In the summer of 1981, many of us were immersed in the frenzy surrounding Lady Diana and Prince Charles’ royal wedding. Of particular interest was the speculation as to which designer would have the opportunity to design the dress for the wedding of the century. Publications like Women’s Wear Daily proclaimed they had the inside track, and even published an illustration of Diana’s dress that was completely different from what became the most famous of all wedding dresses.

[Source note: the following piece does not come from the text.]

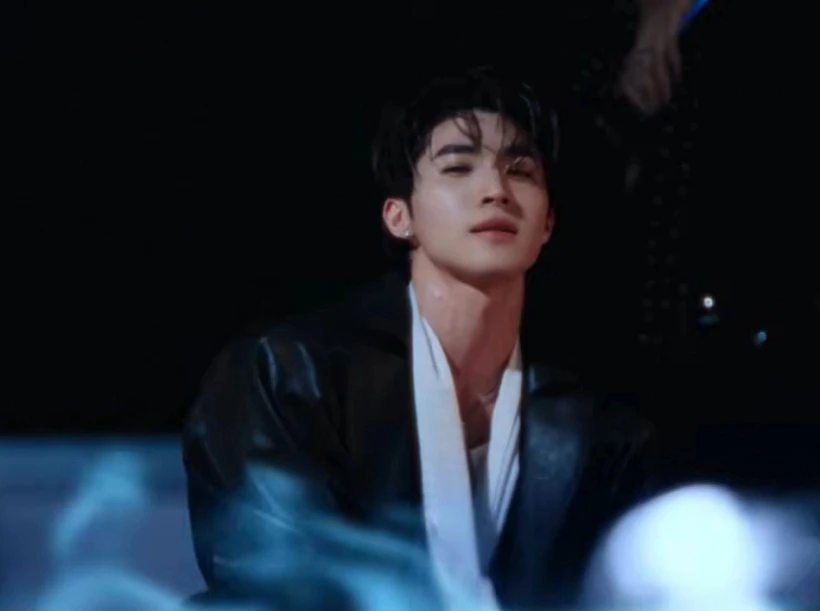 Lisa (BLACKPINK) đang đắm chìm trong mối tình ngọt ngào với hồng hài nhi Blue Pongtiwat kém 3 tuổi - Hình 9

On the day of the royal nuptials, with over 750 million people watching, Lady Diana arrived at St. Paul’s Cathedral in a glass carriage right out of a fairy tale. Unfortunately, the carriage was too small for Diana, her father and the dress. It seemed as if Diana exploded out of the carriage in a dress made of silk taffeta with exaggerated puffed sleeves, an embellished V-neckline, decorated lace, hand embroidery, sequins, 10,000 pearls and a 25-foot train. The chosen designers were Elizabeth and David Emanuel, who began their relationship with Diana with a romantic, high collared blouse she wore for a Vogue magazine photo shoot. They were also responsible for the daring black strapless dress Diana wore for her first public event after the couple announced their engagement. It caused an international stir with its revealing neckline.

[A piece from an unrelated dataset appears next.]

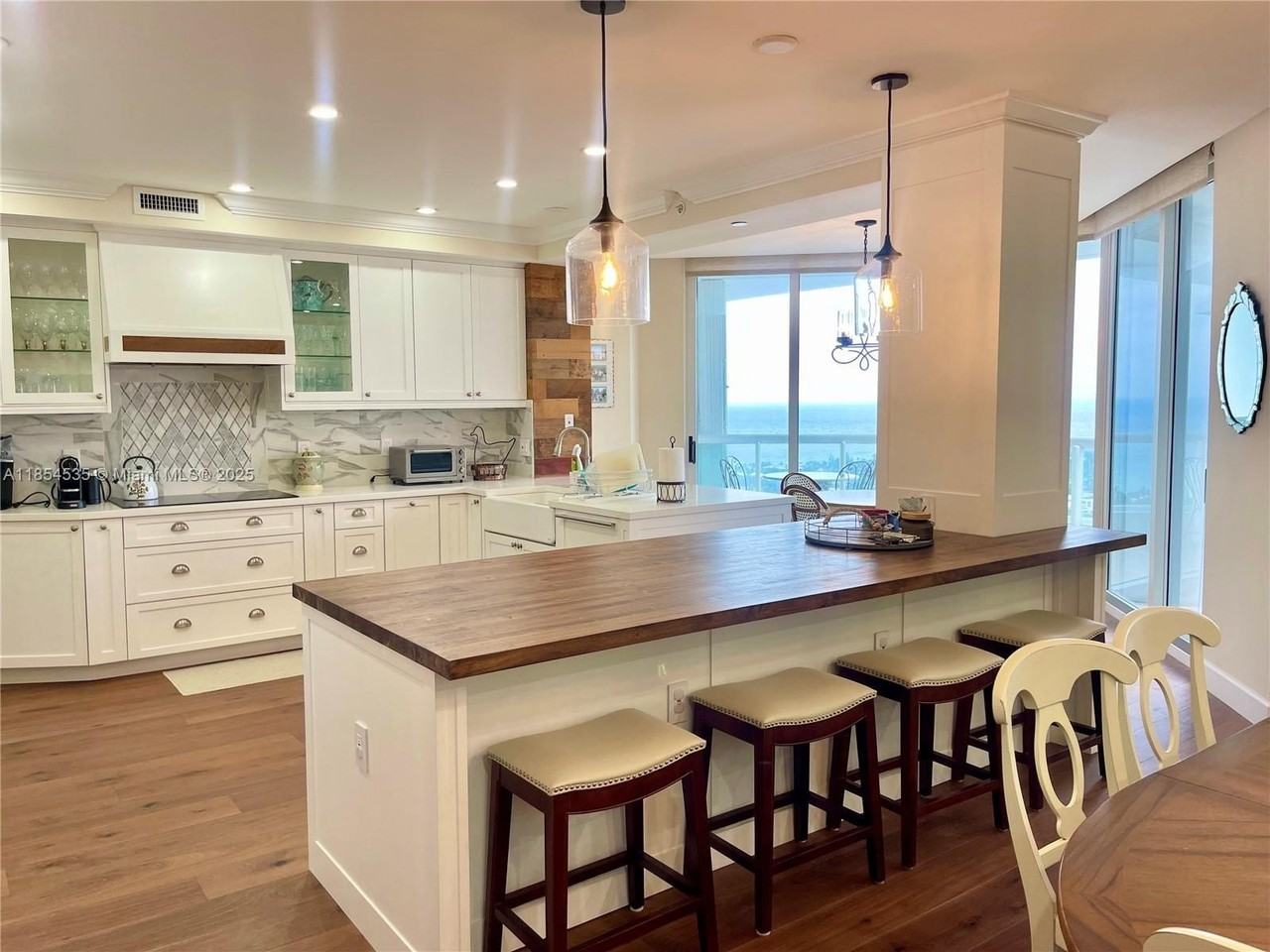 21050 Point Pl #2803 - Photo 7 of 30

From the moment of the wedding, Princess Diana became the most photographed woman in the world, and a fashion icon. Diana’s hairstyle was copied for decades, from her Shy Di layered bangs to the more sophisticated styles she wore in the 90’s. Her hats rejuvenated the millinery business worldwide. The glamorous dresses she wore for royal events were covered on a daily basis by newspapers and fashion magazines. She earned the title “The People’s Princess" with her dedication to charitable causes, and her knack of getting the press to cover her appearances. We not only connected with her style, but followed her life full of joy and sorrow, and watched with tears on the day of her funeral.

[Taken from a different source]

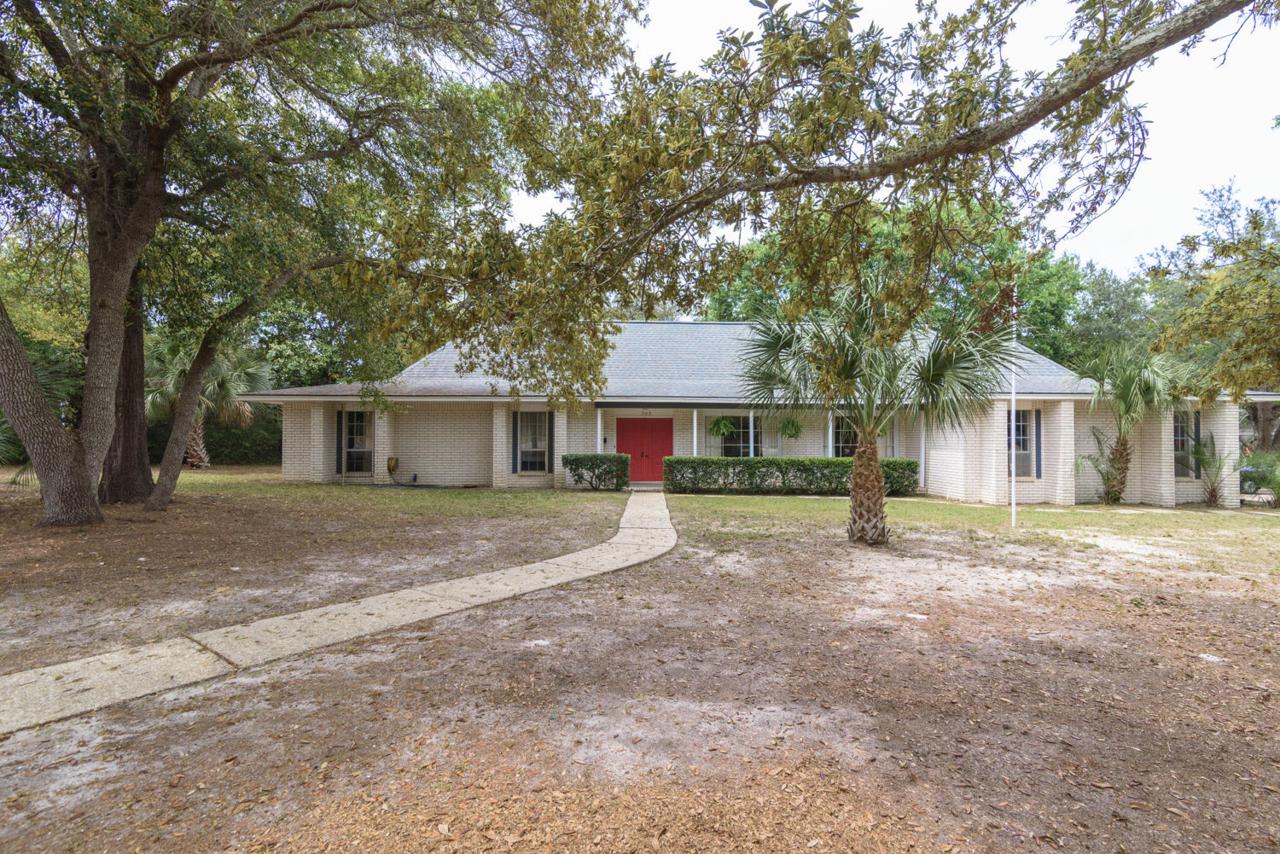 702 Poinciana Drive - Photo 1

While visiting London and Kensington Palace in 1993, I was able to see the famous dress up-close and personal. What struck me was that with all of its volume and over-the-top detail, it suited the 20-year old nursery school teacher. Her request to the Emanuels was to design a dress for a fairy tale Princess; and as she walked the aisle of St. Paul’s, all eyes were on Diana Princess of Wales.
On April 29, 2011, almost 30 years after the royal wedding of the century, Diana’s son William will marry Kate Middleton at Westminster Abbey. There is much chatter about whom Kate will choose to design her dress. Press speculation has covered almost every major British designer, from John Galliano to Stella McCartney, and even Victoria Beckham. The odds favorite seems to be Bruce Oldfield, who ironically was one of Diana’s favorite designers.
Judging from Kate Middleton’s style, it seems that whoever does the designing, Kate will have much to say about what could become the second most famous wedding gown in the world. I’ll have my alarm clock set for the 3am wakeup call so that I don’t miss a single minute of history and fashion in the making.